:: Record excerpts ::

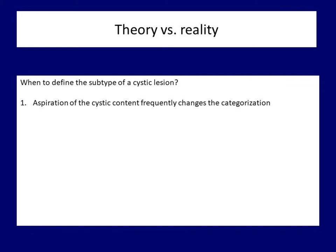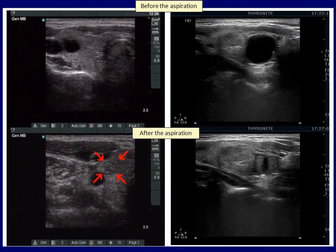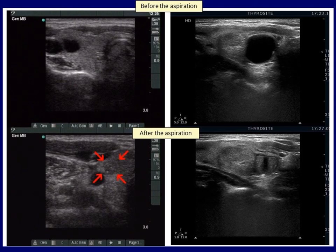Let's see two examples in which categorization changed after aspiration. Both lesions appeared to be pure cysts before aspiration; however, after removal of the fluid, a solid part appeared. Although the left case proved to be a papillary carcinoma, this is an extremely rare finding — the risk of malignancy in a completely or almost completely cystic nodule is almost zero, surely below 1%. In the right case, a solid area appeared after removal of the fluid, explained by the compression of the fluid on the solid part: after releasing this compression, the solid part may appear or become much larger.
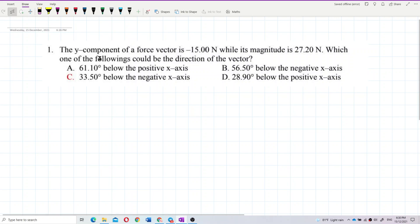The y component of a force vector is negative 15 newton, and its magnitude is 27.2 newton. Which of the following could be the direction of the vector?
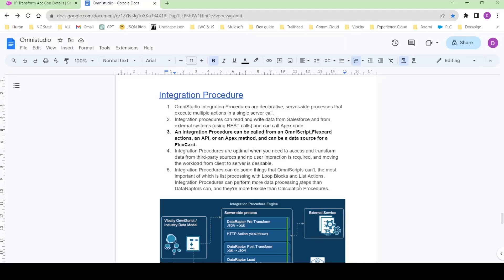Hi guys, welcome to the channel. My name is Dipankar and this is the third lecture of integration procedure and the first lecture of FlexCard. In this video we are going to see how we can use integration procedure as a data source for a FlexCard. So let's go to our OmniStudio org.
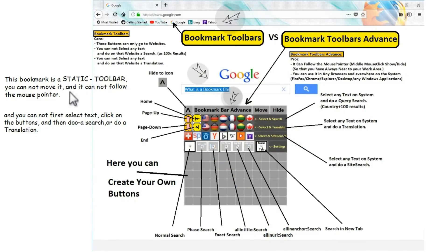You can select any text from everywhere. It does not matter if you are in a browser, notepad, or other applications. The computer automatically finds out where it can do the search or translation.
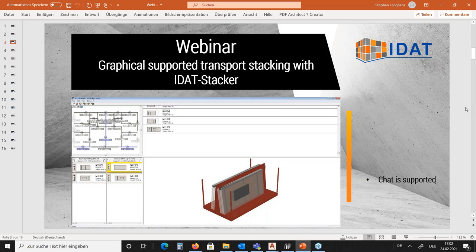This important process of transport stacking is optimally supported by the IDAT Stacker program. The range of functions includes support for common data formats for import and export, a graphical interface for safe and fast processing with visual controls, the possibility of defining and outputting loading lists, as well as a connection to external software such as ERP systems.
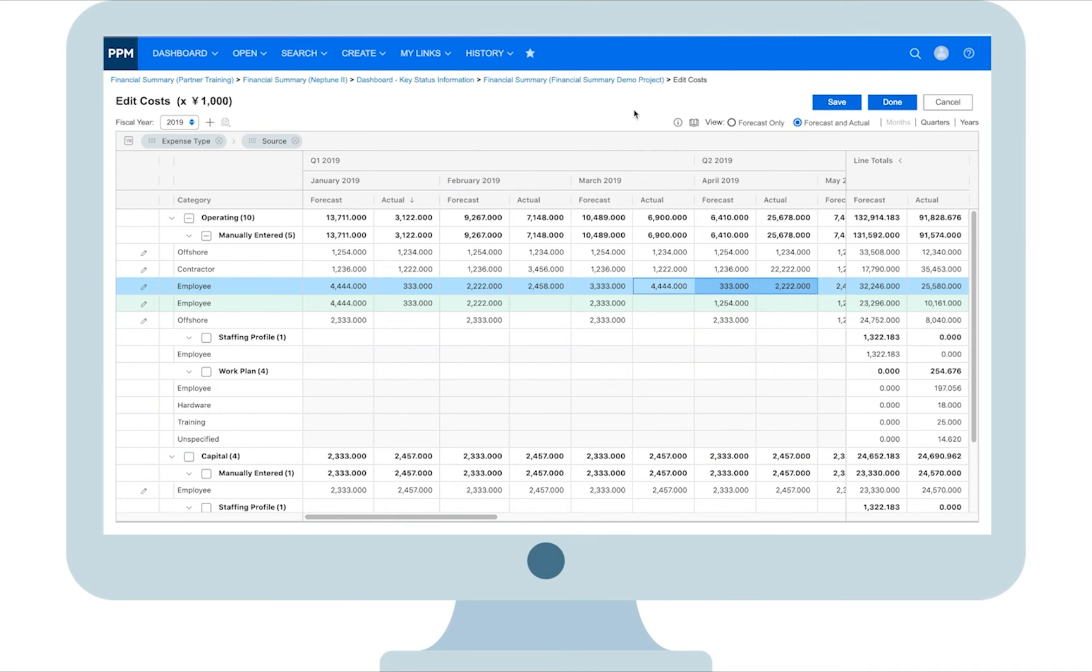In a certain phase of project execution, for example the project auditing phase, you may not want financial managers to edit costs of the past months. To protect cost integrity, PPM enables you to control whether or not to lock the costs of the past months, when to lock them, and who can adjust locked cost.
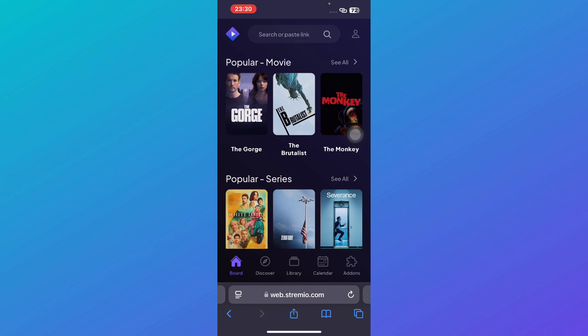First of all you need to open the Stremio application, or you can also use the Stremio web, it depends on you. Once you're in the Stremio application you will be redirected to the board.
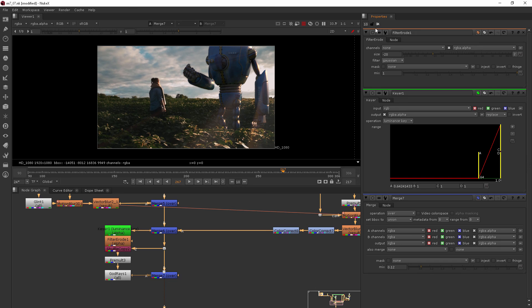Okay, that about wraps it up for god rays and how we can add those. Let's come back for a couple more finishing touches in the next few clips.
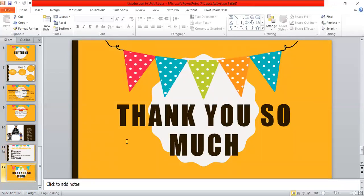That's a brief introduction to the unit. Thank you very much guys, and we will talk later. Thank you.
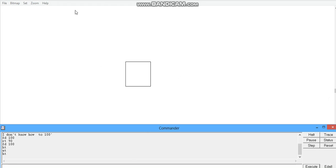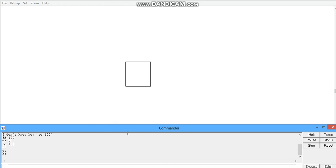So guys, we can see that the square is made. You can do it again.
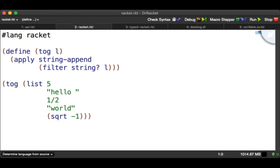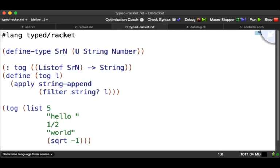Here we see a very similar looking program, but if you look carefully at the top, you see the line `#lang racket`. That tells DrRacket that this program is in Racket. Here's a similar program except it's in a language called Typed Racket. You'll see that it has various type annotations in it. Unlike Racket, this language runs a type checker on the program and warns you about type errors.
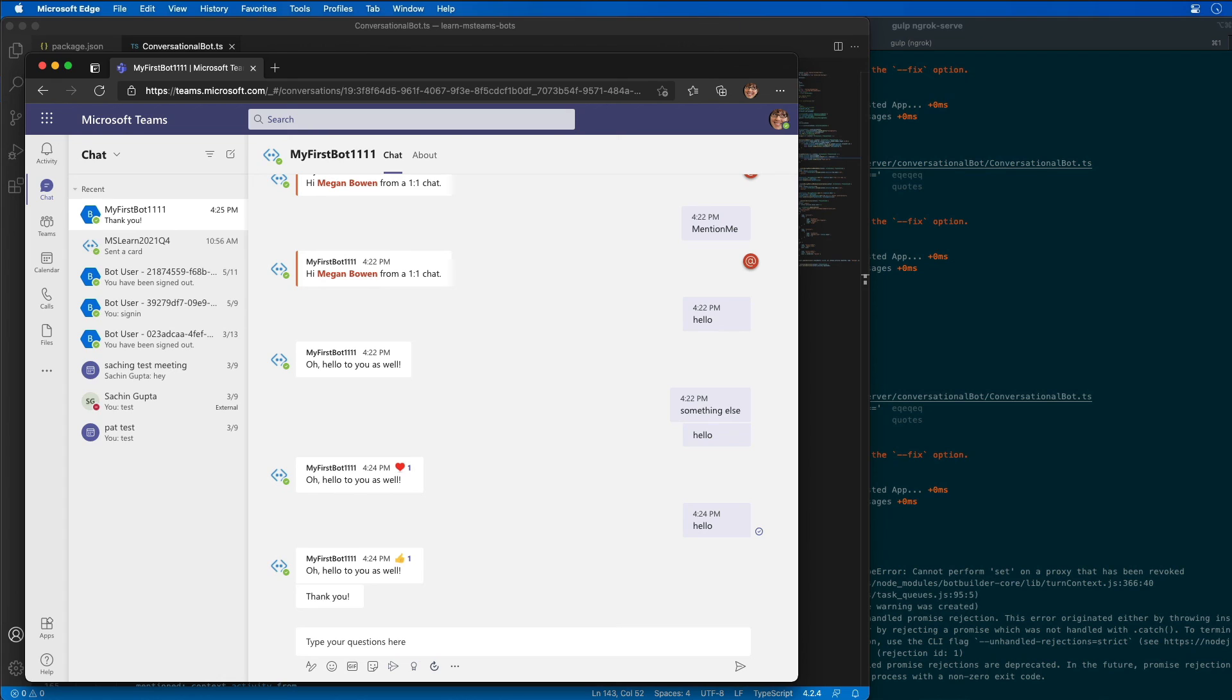So in this demo, we modified our existing Microsoft Teams app to update the bot to respond to message reactions as well as update or delete messages. That's a capability that the bot can do.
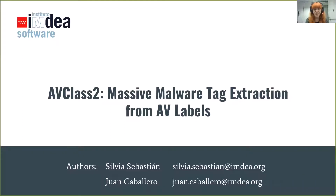Hi, I'm Silvia Sebastián, a PhD student who works at the MDEA Software Institute of Madrid under the supervision of Juan Caballero. I'm going to present to you AV Class 2, which is a tool for massive malware tag extraction from AV labels.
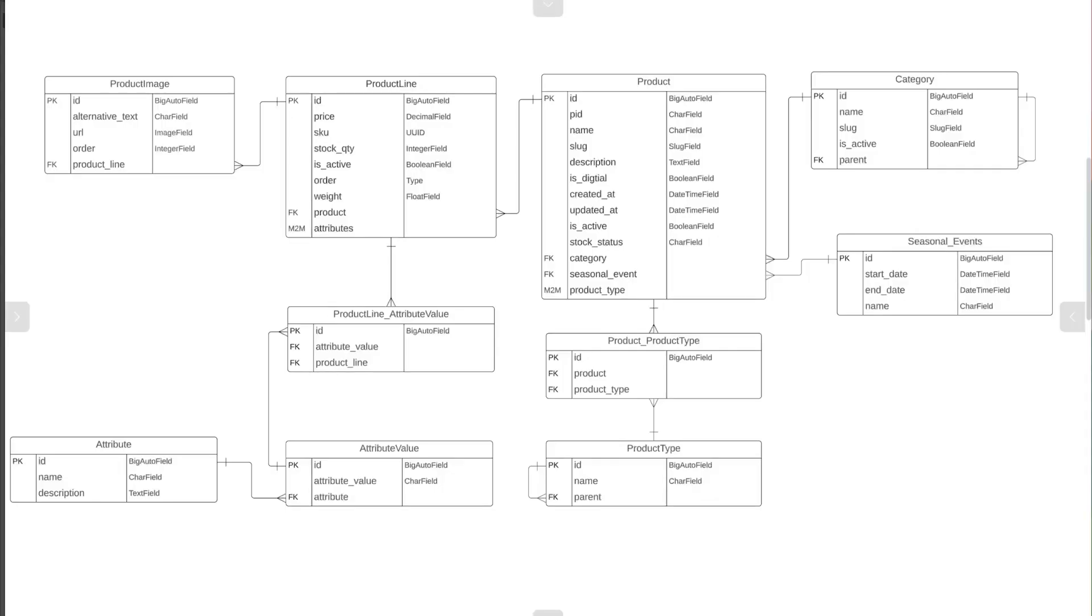This is a project-based course. Throughout this course, we will be building an API application.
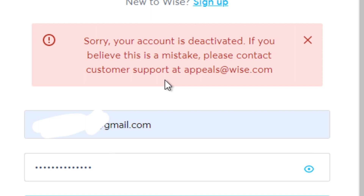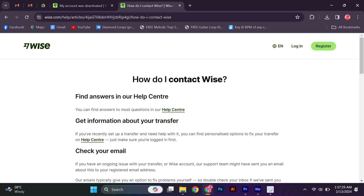If you believe that your account has been deactivated by mistake, we encourage you to reach out to the customer support team. They will be able to assist you in resolving any issues and guide you through the reactivation process.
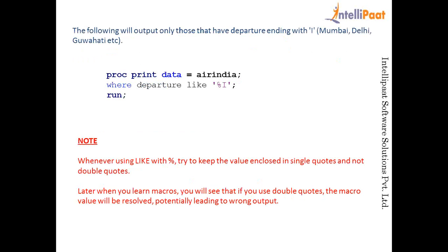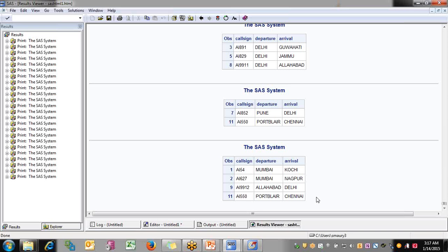Today we've covered BETWEEN AND, WHERE, LIKE, and CONTAINS — some of the major topics for subsetting data. If you have any questions, reach out at train2dataminers.com. Tomorrow we will be covering more advanced topics in SAS. Till then, goodbye and thank you.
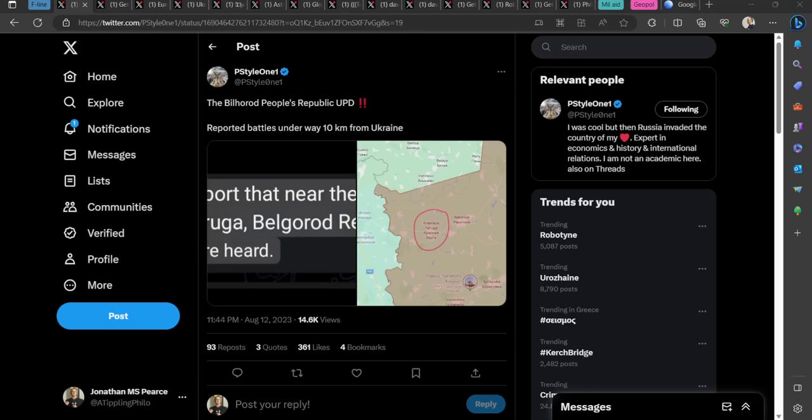Hello team and welcome to part two of the Ukraine War News Update with ATP Geopolitics, myself Jonathan MS Pierce for the 13th of August 2023.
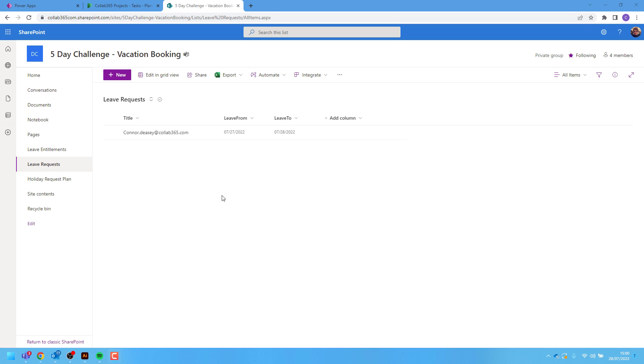How to format dates and times inside SharePoint. Inside SharePoint I've got a list. I've got two columns called leave from and leave to. These are both date and time fields.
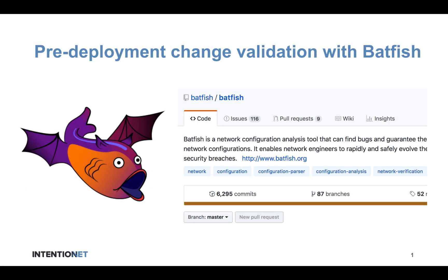Hi, thanks for tuning into this video where I will demonstrate how you can do pre-deployment change validation with Batfish in an automated CI environment.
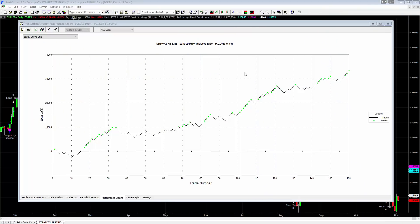Hey there everybody, Thomas with Basecamp Trading. It is Friday, November 2nd and we're going to take a look once again at the MQ hedge fund breakout and this time we're going to look at the euro US dollar. So we're going to look at a forex market on a daily price chart.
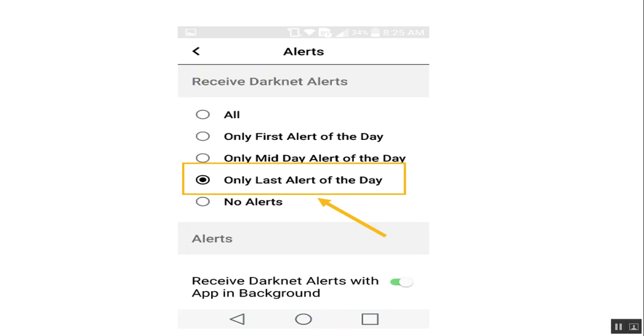And what we're doing is clicking on only last alert of the day. This way, we don't get an alert morning, noon, and night. Just one alert at the end of the day is good enough for us. But if you want multiple alerts, you can left click on all or any of the other options that you have here.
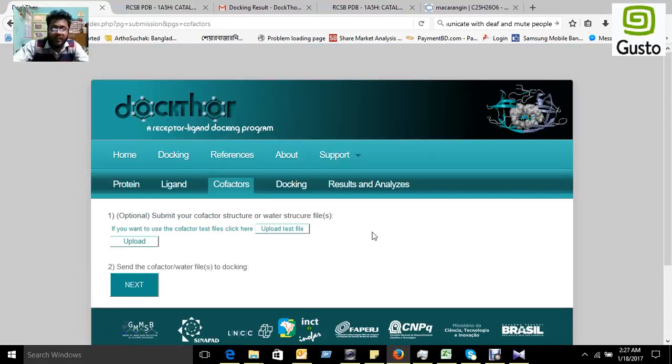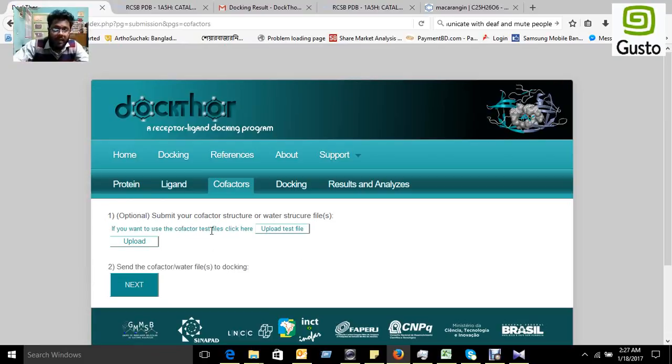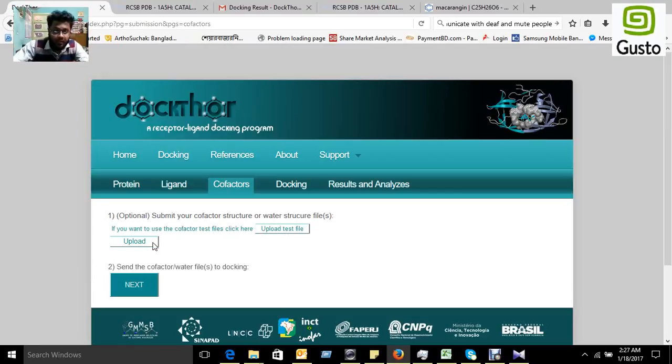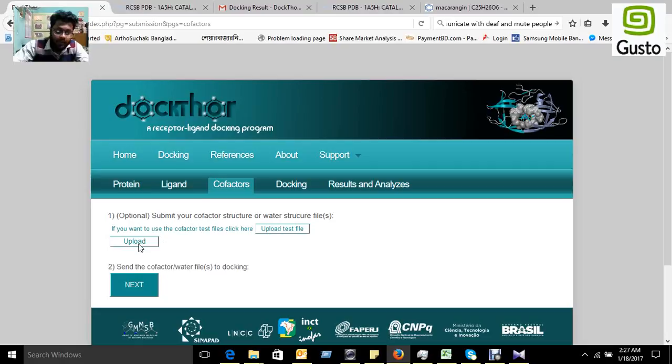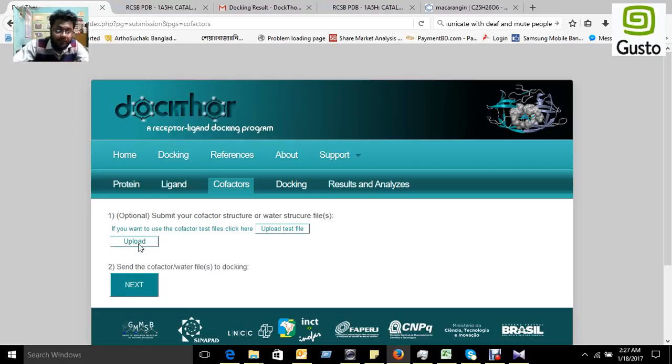All things are set up. Now you can also add water structure or cofactor structure. You can add them in this upload site, both of them or separately, and then you can press the next button.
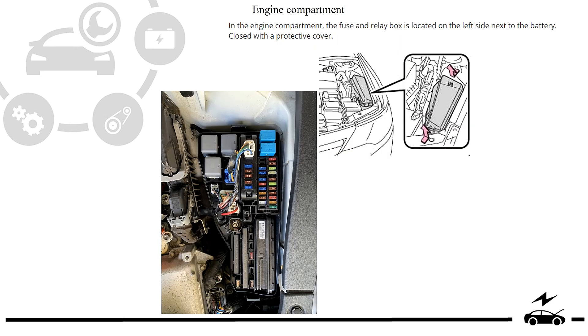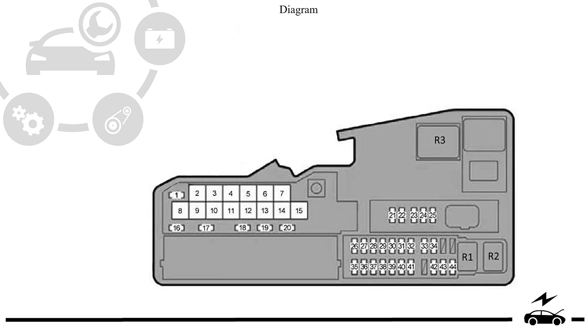Engine compartment fuse box: location, photo, diagram.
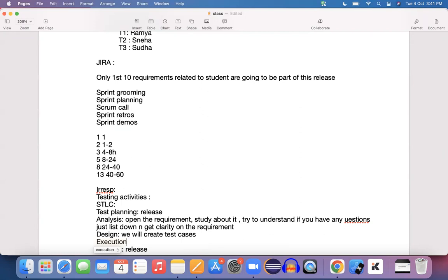Once you get confirmation from the developer, you pick the test cases, execute them, and if there are any failures, you log a defect for those failures. Additionally, as part of the sprint, once done with the design phase, we conduct a review meeting with the team — you present the prepared test cases internally and get review feedback from the business analyst to see whether all scenarios are covered. Based on their feedback, we update the test cases. In the next session, we will see how to do the analysis, design, and execution.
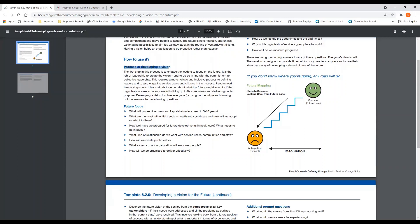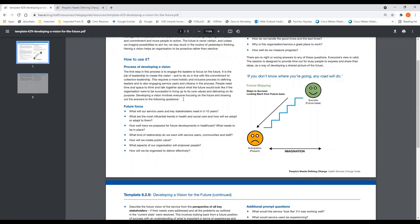The process of developing a vision means bringing everybody together. This requires a more holistic and inclusive process to define leaders and also engaging service users and citizens in the process. People need time and space to think and talk together about what the future would look like if the organization were to be successful in living up to its core values and delivering on its purpose. Developing a vision involves everyone focusing on the future and drawing out answers to the following questions.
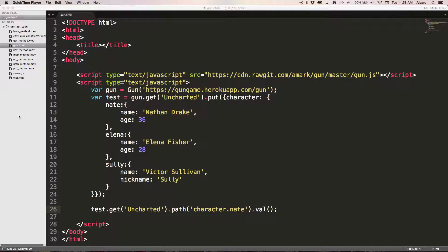Hello everyone, this is Alvaro and today I'm going to talk about the val method. Val is a read-only method and it doesn't subscribe to any changes, but it's perfect for debugging because it prints the results in the console.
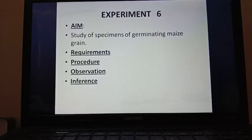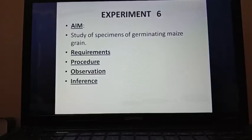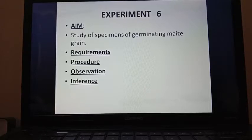First, to see the parts of maize grain, we have to soak some maize grains in water for about 24 hours. Then you can study the grain externally and also internally by cutting the grain into two equal halves through the vertical plane. Then you have to draw the diagram and note both the external features and the internal features.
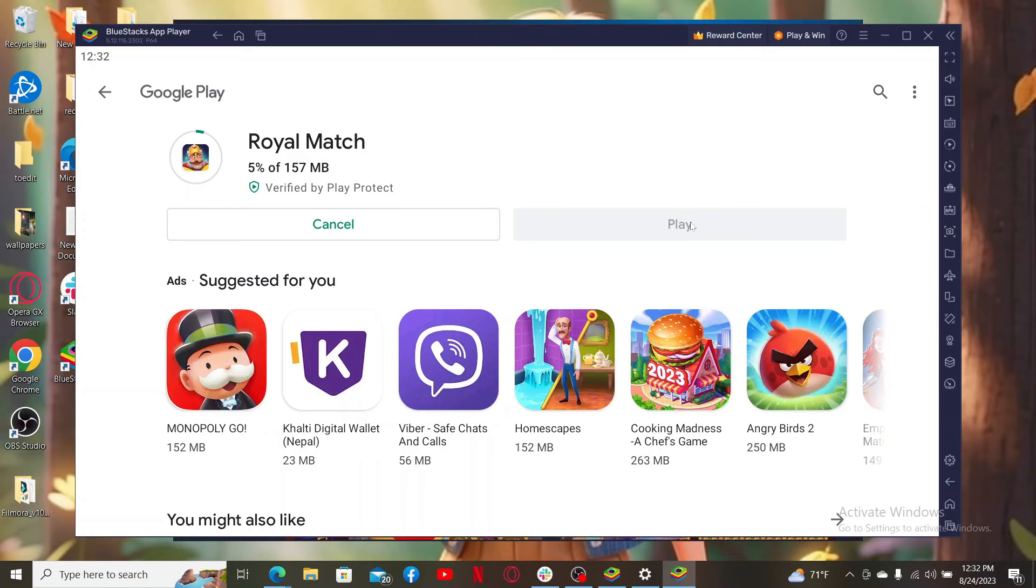That is how you should be able to download Royal Match on PC.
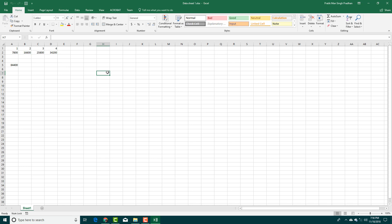That is how you can link, maintain links, and locate links inside of Microsoft Excel. Hope you guys learned something. As always, please like, comment, share, and subscribe.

:: Work to complete ::
Exact copy, pictures excluded: from the line with "Okay, that about" up to and including the line with "Hi, I'm Silvia" in the data above.

:: Written response ::
Okay, that about wraps it up for god rays and how we can add those. Let's come back for a couple more finishing touches in the next few clips.
That's a brief introduction to the unit. Thank you very much guys, and we will talk later. Thank you.
So guys, we can see that the square is made. You can do it again.
Here we see a very similar looking program, but if you look carefully at the top, you see the line `#lang racket`. That tells DrRacket that this program is in Racket. Here's a similar program except it's in a language called Typed Racket. You'll see that it has various type annotations in it. Unlike Racket, this language runs a type checker on the program and warns you about type errors.
So in this demo, we modified our existing Microsoft Teams app to update the bot to respond to message reactions as well as update or delete messages. That's a capability that the bot can do.
Hi, I'm Silvia Sebastián, a PhD student who works at the MDEA Software Institute of Madrid under the supervision of Juan Caballero. I'm going to present to you AV Class 2, which is a tool for massive malware tag extraction from AV labels.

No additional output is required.